Samsung Orion SoC - dual-core A9 + "5 times the 3D graphics performance"

Either way its going to be the fastest Android smartphone device of its generation...what does everyone think those quad A9's are going to be clocked at?
According to those scores it is clocked at 1400mhz, so should offer roughly similar performance to dual core Kraits.

Also how come the off screen score is twice the frame rate as the standard on screen test..when the device runs at 720p?? is it a different test?
Probably because off screen scores aren't limited to 60fps so they can test full performance.
 
35% jump in Egypt offscreen compared to the magiclego4212, but only 15% up on the pro offscreen, seems hard to rationalise.
Magiclego was also showing clock of 1.4Ghz.

Also how come the off screen score is twice the frame rate as the standard on screen test..when the device runs at 720p?? is it a different test?

Because it is offscreen and not frame rate limited of course.
 
Cheers...i should of realised that.

No i meant what do you think the shipping clock speed of GS3 will be...rumours sway from 1.5-1.8ghz?
 
Pro is probably CPU bound, so won't see a huge increase with GPU uplift.

Dunno.

Where the 1Ghz ipad2 is 3% slower in egypt, it is actually 16% quicker in pro. One would assume a CPU bound benchmark would show a difference in favour of the 1.4Ghz S3, but it is the opposite.

Additonally, ipad2->ipad3 showed a 60% increase in pro (and around 56% increase in egypt), with no change in cpu speed. Although there are major changes to the memory bandwidth on ipad3, if Anandtech is to be believed these are really only exposed to the GPU.
 
Last edited by a moderator:
Dunno.

Where the 1Ghz ipad2 is 3% slower in egypt, it is actually 16% quicker in pro. One would assume a CPU bound benchmark would show a difference in favour of the 1.4Ghz S3, but it is the opposite.

Additonally, ipad2->ipad3 showed a 60% increase in pro (and around 56% increase in egypt), with no change in cpu speed. Although there are major changes to the memory bandwidth on ipad3, if Anandtech is to be believed these are really only exposed to the GPU.

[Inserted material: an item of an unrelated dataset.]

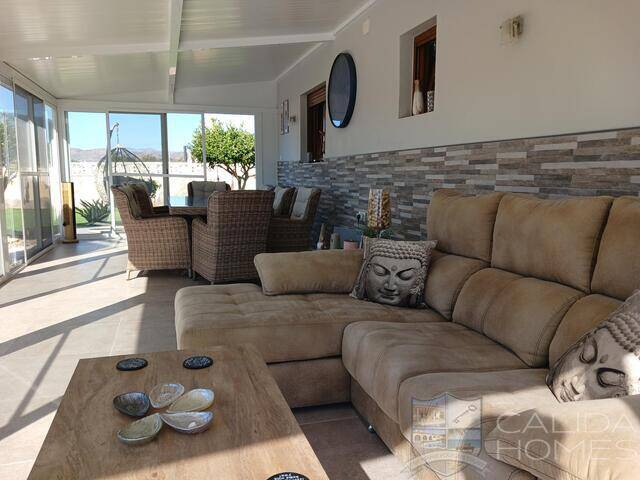 Villa Maisie: Villa for Sale in Arboleas, Almería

My guess is that the Pro test really is bandwidth-limited.
That test was already available in GLBenchmark 1.1, which tests only OpenGL ES 1.1 functionality.
That said, I guess what limits that test may be memory bandwidth alone, since everything else has pretty much skyrocketed since 2006.
 
The bandwidth should get a bit of a pop with TSV approaches and Wide I/O mobile DRAM becoming standard within a few years. LPDDR3 should fit in there sometime, too.
 
That's a huge jump on the Egypt score even from my overclocked device... 74fps to 92fps. Either the quadcore brings a lot, the GPU is running faster than 400MHz, or there's some new driver magic going on. The strange thing is that the Pro scores aren't that off from what I'm getting.

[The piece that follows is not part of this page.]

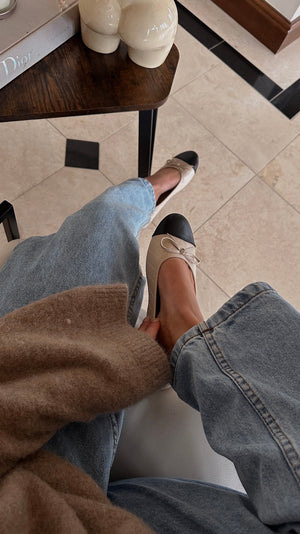 Ballet flats in Neutral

Or the other former devices simply had the GPU clocked lower. In any case I expected a Mali400MP4 to be quite a bit ahead even of Tegra3 tablet SoCs. Too bad for Samsung they couldn't ship that MP4 at 400MHz under 45nm.
 
The bandwidth should get a bit of a pop with TSV approaches and Wide I/O mobile DRAM becoming standard within a few years. LPDDR3 should fit in there sometime, too.

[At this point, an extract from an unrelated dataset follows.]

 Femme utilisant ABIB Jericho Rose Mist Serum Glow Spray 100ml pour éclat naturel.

Could well be bandwidth..ONE X scores are a closer ratio between Egypt and pro.....and Tegra 3 has worse bandwidth..so if it is bandwidth..that is what you would expect to happen.
http://www.glbenchmark.com/phonedetails.jsp

Is it LPDDR2 800 that gets that 6.4gb/s? is there a chance we could see an increase with LPDDR2 1066?

EDIT; Actually..on second look there isn't a closer ratio..maybe but you would expect one to be bigger considering the lower bandwidth of Tegra 3..

EDIT 2; If this is anything to go buy, we are looking at a redesign for GS3...a clever mover by Sammy to persuade people to hold off buying HTC ONE X;
article-1333638307544-127B3D2D000005DC-6849_466x285.jpg
 
Last edited by a moderator:
It's not alone bandwidth when comparing the Mali400MP4@400MHz vs. Tegra3 ULP GeForce@520MHz.

I'm not in the clear whether the ULP GF has 1 or 2 TMUs after all, but let's be generous and assume 2:
ULP GeForce
2 TMUs * 520MHz = 1040 MTexels/s
Mali400MP4
4 TMUs * 400MHz = 1600 MTexels/s

PS ALUs:

ULP GeForce
2 Vec4 = 16 FLOPs * 0.52GHz = 8.32 GFLOPs
Mali400MP4
4 Vec4 = 32 FLOPs * 0.40GHz = 12.8 GFLOPs

VS ALUs go into the ULP GF's favor and I don't have the slightest idea how many z/stencil units the Mali400 has but it still sounds like another sizeable advantage.
 
It's not alone bandwidth when comparing the Mali400MP4@400MHz vs. Tegra3 ULP GeForce@520MHz.

I'm not in the clear whether the ULP GF has 1 or 2 TMUs after all, but let's be generous and assume 2:
ULP GeForce
2 TMUs * 520MHz = 1040 MTexels/s
Mali400MP4
4 TMUs * 400MHz = 1600 MTexels/s

PS ALUs:

ULP GeForce
2 Vec4 = 16 FLOPs * 0.52GHz = 8.32 GFLOPs
Mali400MP4
4 Vec4 = 32 FLOPs * 0.40GHz = 12.8 GFLOPs

VS ALUs go into the ULP GF's favor and I don't have the slightest idea how many z/stencil units the Mali400 has but it still sounds like another sizeable advantage.

Spot on. So the Mali has twice the pixel shaders...4. but strangely only a single Vertex shader?..seems very weak, you would have thought that would have affected it in certain scenarios/games..but the Mali 400 has been a mobile monster.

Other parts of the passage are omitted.